Required action
Tally every line of the records below that includes "Vintage", and reply with the total alone.

Data for analysis
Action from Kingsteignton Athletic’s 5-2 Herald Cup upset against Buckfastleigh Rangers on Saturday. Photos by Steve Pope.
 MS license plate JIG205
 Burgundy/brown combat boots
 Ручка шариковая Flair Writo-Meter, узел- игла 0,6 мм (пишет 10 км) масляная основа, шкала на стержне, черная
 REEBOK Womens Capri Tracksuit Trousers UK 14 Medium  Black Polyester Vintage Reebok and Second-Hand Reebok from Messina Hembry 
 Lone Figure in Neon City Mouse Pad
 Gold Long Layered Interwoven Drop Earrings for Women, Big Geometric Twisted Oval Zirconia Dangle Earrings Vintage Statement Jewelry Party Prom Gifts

Result of this exercise
2